## Exercise description
Beginning with the line where "Maison à SOURCIEUX-LES-MINES" appears, set down each line exactly until the records below end, and omit the pictures.

Material to process Start Marker

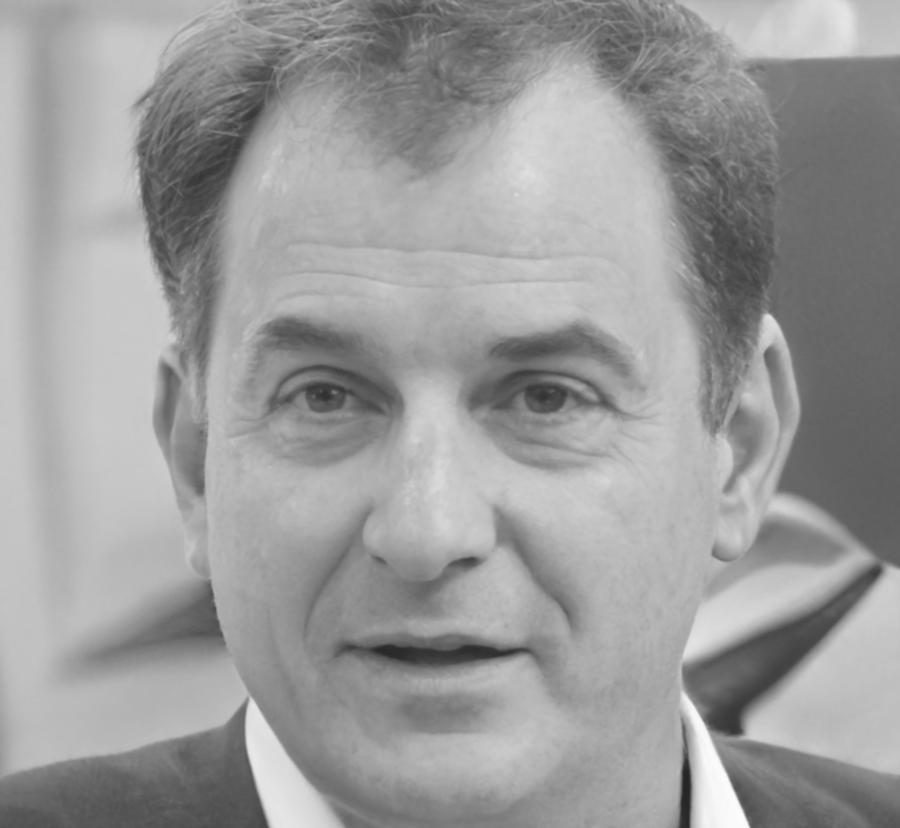 Retrato profesional de Mikel Echeverría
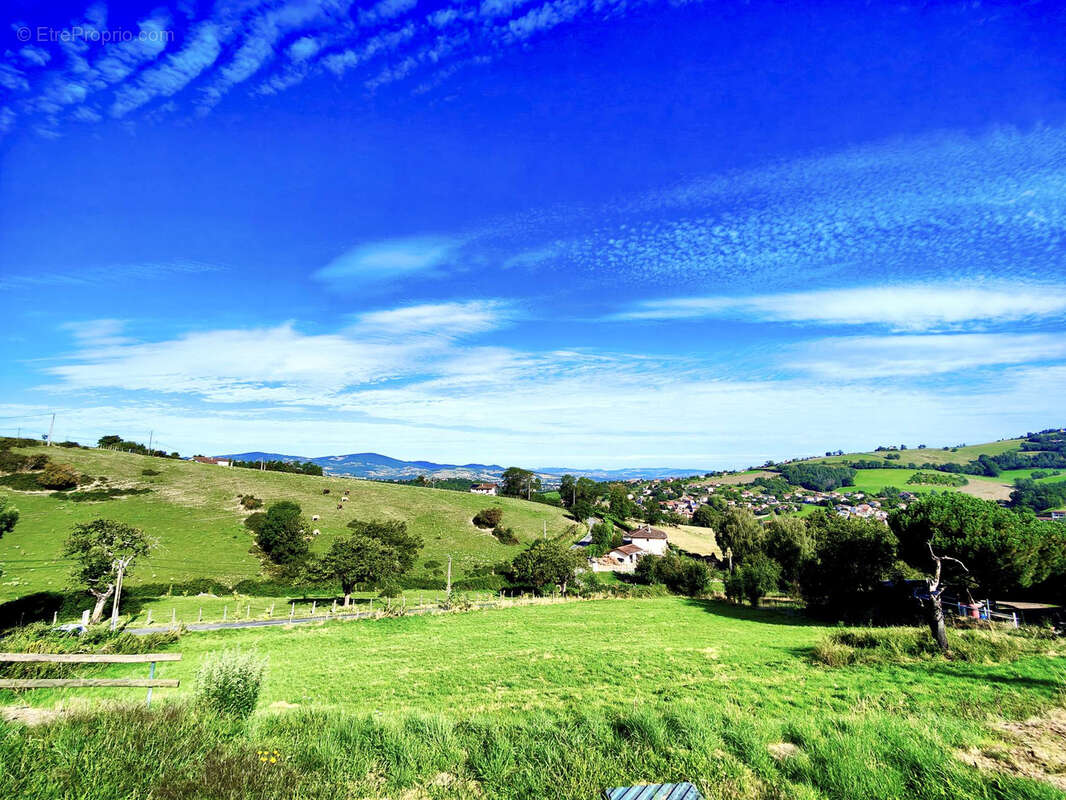 Maison à SOURCIEUX-LES-MINES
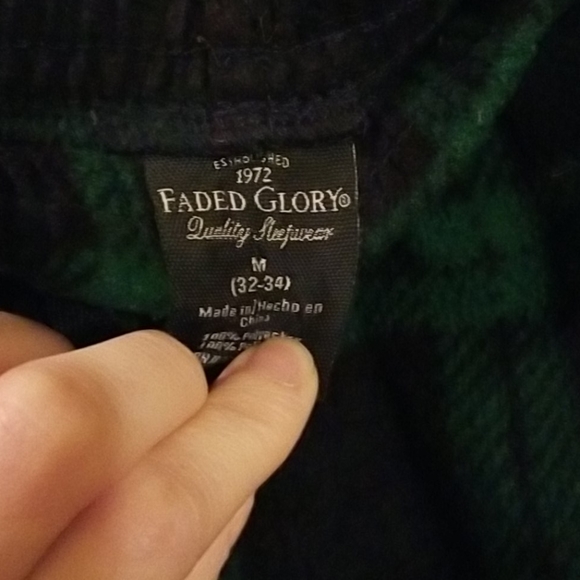 Black and green mens sweatpants - Picture 3 of 6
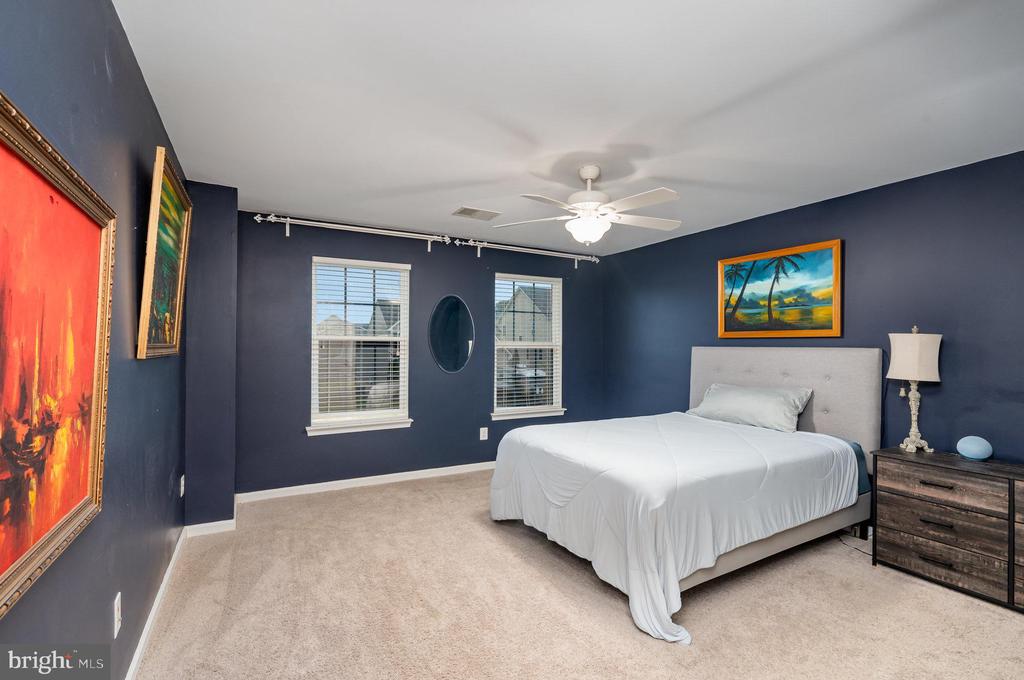 25 BAYSIDE DRIVE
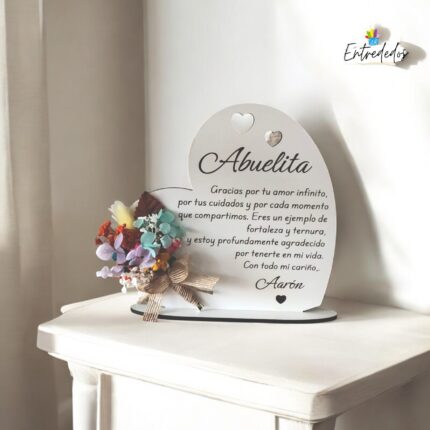 Corazón de madera personalizado con grabado y flores preservadas.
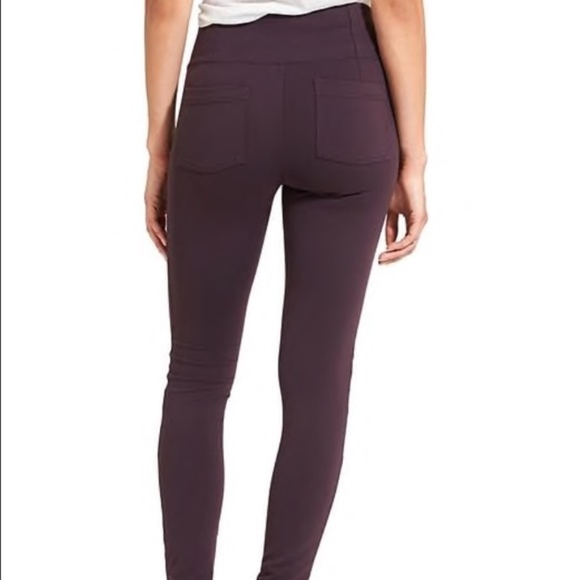 Athleta Metro High Waisted Legging 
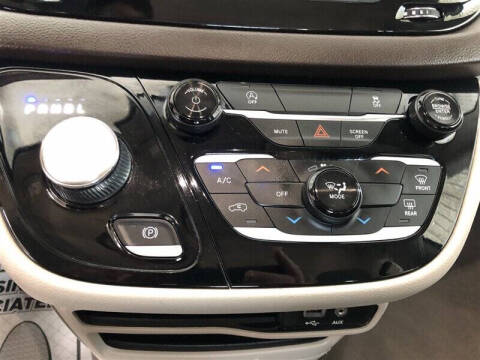 2020 Chrysler Voyager LX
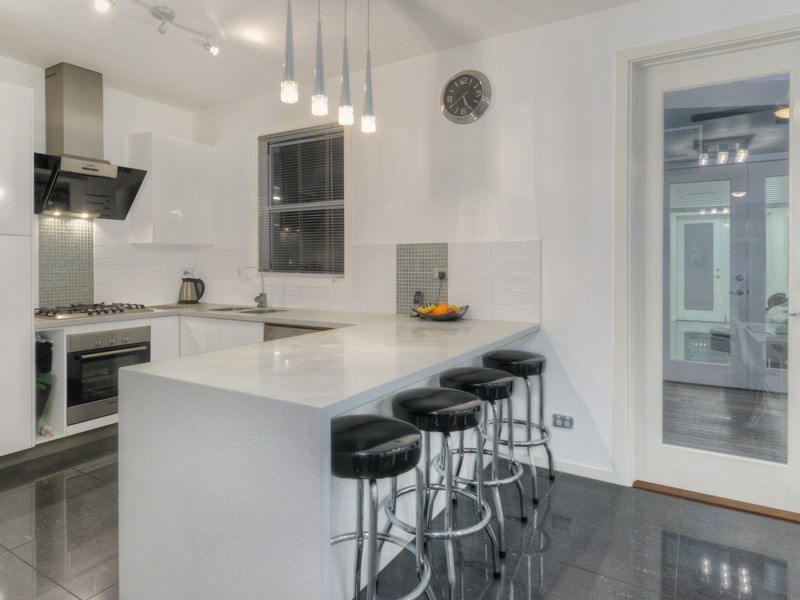 7 Hamilton Avenue, Hendra QLD 4011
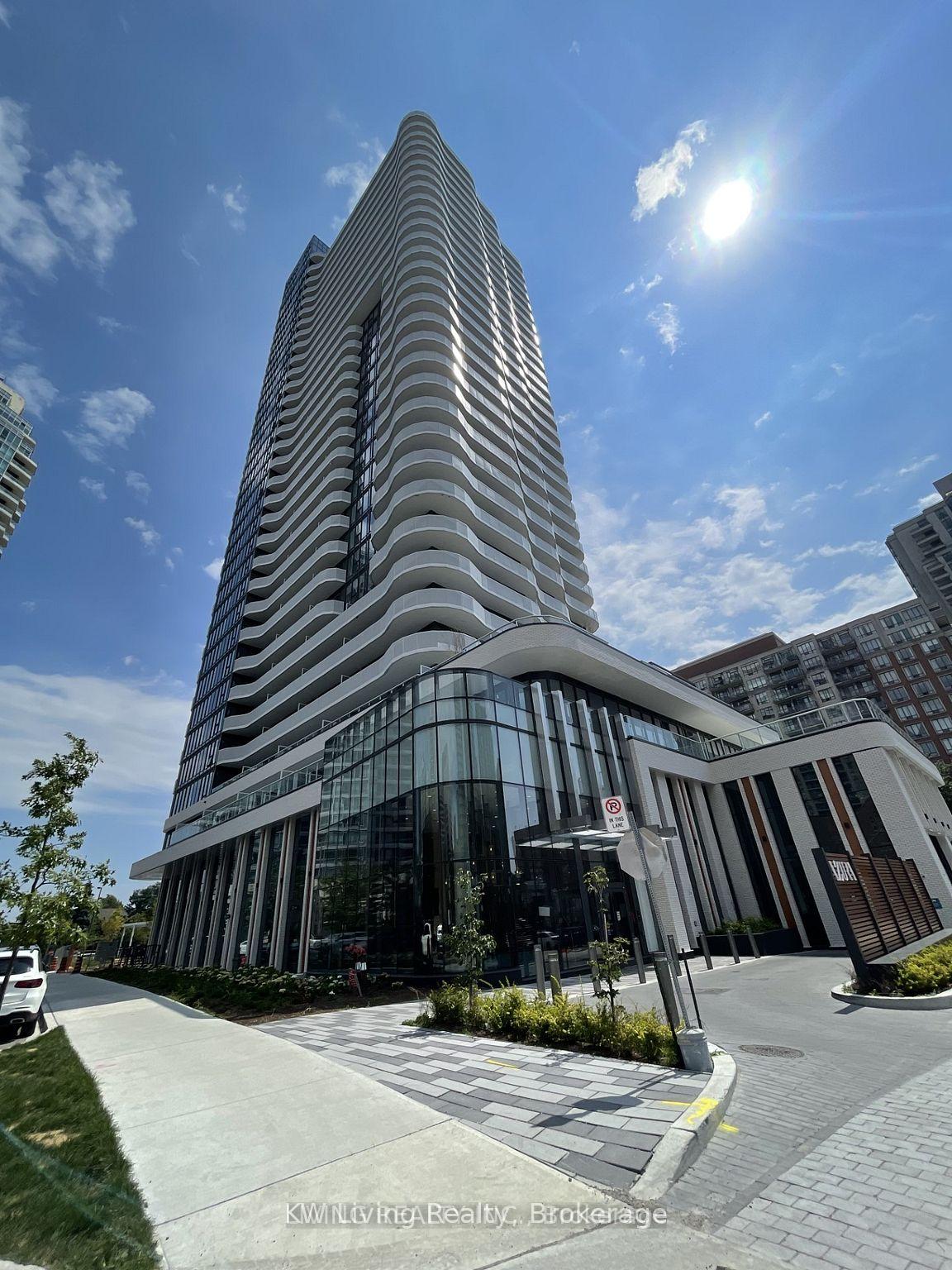 Photo of Unit 706, 15 Holmes Avenue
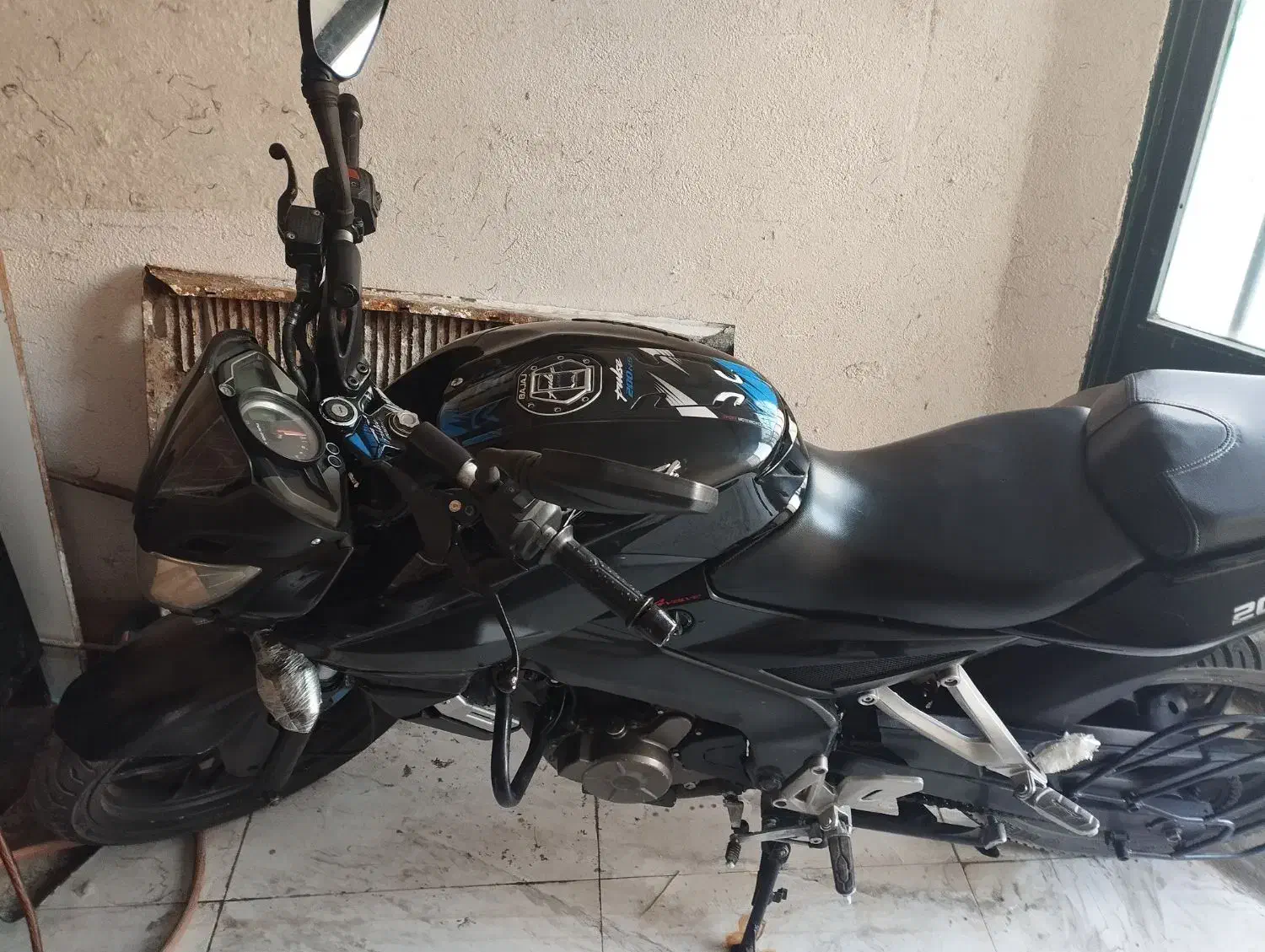 موتور ns 200|موتورسیکلت|قم, زنبیل آباد|دیوار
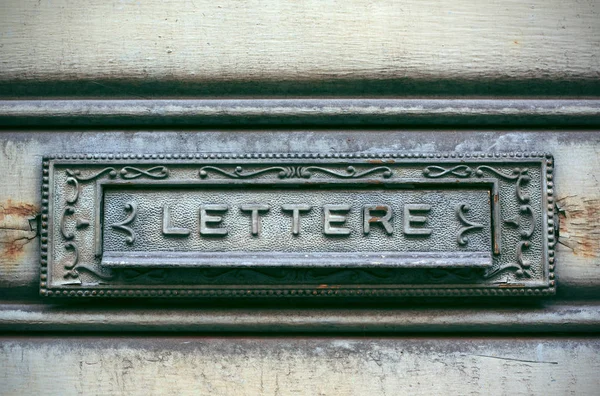 Old Logam Letterbox Pintu Italia — Stok Foto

Material to process End Marker

## Task output
 Maison à SOURCIEUX-LES-MINES
 Black and green mens sweatpants - Picture 3 of 6
 25 BAYSIDE DRIVE
 Corazón de madera personalizado con grabado y flores preservadas.
 Athleta Metro High Waisted Legging 
 2020 Chrysler Voyager LX
 7 Hamilton Avenue, Hendra QLD 4011
 Photo of Unit 706, 15 Holmes Avenue
 موتور ns 200|موتورسیکلت|قم, زنبیل آباد|دیوار
 Old Logam Letterbox Pintu Italia — Stok Foto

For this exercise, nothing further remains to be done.